Alternating between TM and a more mindfulness-y approach is currently what I do. In my every day life, I am constantly trying to be more aware of what’s happening with me on the emotional and mental level in all situations. It prevents me from  turning to some automatic and usually unhealthy ways of reacting. I am not saying I am always successful but it’s certainly giving me a better learning curve than TM, which is simply instructing you to accept whatever is happening with you without subjecting it to any sort of examination.

By no means are you supposed to negate or suppress whatever is happening with you and in you at any given moment. In addition to accepting it and allowing yourself to feel your feelings, you are sort of trying to step back from it and look at it as if you were an external observer. Takes practice.

Inner Child Work

I discovered the Inner Child concept at about the same time as TM through the work of US psychologist Margaret Paul. I described this technique in an earlier article.

Inner Child work is about reconciling the two frequently conflicting parts of yourself – your feelings and your brain. Your Inner Child is essentially your true self, your essence and it communicates with you through your emotions. It’s the subconscious part of you that also holds all the wounds and trauma from your past.
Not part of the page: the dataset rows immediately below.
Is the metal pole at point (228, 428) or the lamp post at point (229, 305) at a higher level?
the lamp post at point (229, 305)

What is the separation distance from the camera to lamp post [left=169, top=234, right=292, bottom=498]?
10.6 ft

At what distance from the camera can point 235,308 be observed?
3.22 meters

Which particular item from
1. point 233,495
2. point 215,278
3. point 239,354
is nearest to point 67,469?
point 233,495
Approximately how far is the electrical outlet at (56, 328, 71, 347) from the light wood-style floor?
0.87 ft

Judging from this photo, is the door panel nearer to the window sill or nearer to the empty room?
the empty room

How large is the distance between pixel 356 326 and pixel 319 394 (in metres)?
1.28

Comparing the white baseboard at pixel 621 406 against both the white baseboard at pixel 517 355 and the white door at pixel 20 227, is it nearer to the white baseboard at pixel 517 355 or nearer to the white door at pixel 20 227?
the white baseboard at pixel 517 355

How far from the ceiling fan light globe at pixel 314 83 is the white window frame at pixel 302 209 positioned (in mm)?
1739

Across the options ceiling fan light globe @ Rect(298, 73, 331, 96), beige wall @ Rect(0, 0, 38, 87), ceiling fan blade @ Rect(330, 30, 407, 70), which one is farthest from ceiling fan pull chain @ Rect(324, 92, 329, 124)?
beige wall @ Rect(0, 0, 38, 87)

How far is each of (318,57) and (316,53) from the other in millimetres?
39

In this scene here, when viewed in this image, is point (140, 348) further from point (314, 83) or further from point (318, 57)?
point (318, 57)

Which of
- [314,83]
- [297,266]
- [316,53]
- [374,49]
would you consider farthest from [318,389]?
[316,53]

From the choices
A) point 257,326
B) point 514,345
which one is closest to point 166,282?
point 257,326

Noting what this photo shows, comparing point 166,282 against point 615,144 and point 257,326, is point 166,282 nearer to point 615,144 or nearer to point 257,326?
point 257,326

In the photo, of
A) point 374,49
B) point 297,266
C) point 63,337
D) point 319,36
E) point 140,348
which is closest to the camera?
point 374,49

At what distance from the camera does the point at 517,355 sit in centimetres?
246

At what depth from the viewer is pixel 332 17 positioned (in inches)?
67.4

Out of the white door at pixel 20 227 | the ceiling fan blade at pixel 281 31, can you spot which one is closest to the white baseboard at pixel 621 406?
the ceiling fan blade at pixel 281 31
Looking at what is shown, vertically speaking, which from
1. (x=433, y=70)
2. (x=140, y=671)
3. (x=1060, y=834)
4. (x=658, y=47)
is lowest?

The problem is that many people in today’s society are conditioned to suppress their feelings. Feelings are seen as a weakness. Children learn to dismiss their feelings and than continue living as emotionally flat and crippled adults.

In a sense, Inner Child work is similar to the mindfulness approach as it also pays constant attention to the feelings but it deliberately goes deeper and into the past and is trying to uncover the reasons for certain triggers and blockages.

When practicing Inner Bonding, as Margaret Paul calls the technique, you are asked to lead a dialogue between your rational and feeling self. You can do it in writing, using your dominant hand for the rational (adult) part of you and your non-dominant hand for the feeling (child) part of you. The key to the success of this technique is total acceptance of the child and its feelings by the adult. The adult is not supposed to talk the child out if the feelings by rationalising. That makes things worse. The adult is supposed to want to learn about the child’s feelings and what is causing them and then take action in the world to make the Inner Child happy. It sounds a bit clunky to start with but it does work. I find this technique extremely useful when processing emotional releases triggered by TM (I have described the process of trauma and emotional release in earlier articles). Every time I feel queasy or outright upset, I am trying to ask the Inner Child why that is and what do I need to learn from it. And the answer usually comes. Quite frequently, the reason for the Inner Child’s upset is in some deeply ingrained subconscious beliefs of not being good enough or having to be a certain way to please others.

Spontaneous Writing

Spontaneous writing is an awesome way to download stuff that is rising from your unconscious. This process can be really unpleasant but is really important if you are serious about getting rid of the negative patterns and blockages residing in your unconscious. I have virtually covered tens of notebooks with this sort of stuff since having embarked on this journey. I believe that your mind is a powerful supercomputer that is constantly trying to process things for you and figure out your life for you so that you can be in line with who you really are deep inside. Journalling makes it easier to manage this process (it’s essentially the process of individuation as described by C.G. Jung). No excessive frontal lobe effort is required, just allow the mind to do its thing and it will first purge all the bad stuff and eventually find all the answers that you are seeking. I do keep a notebook on my bedside table to use every time I feel overwhelmed by some unconscious content rising.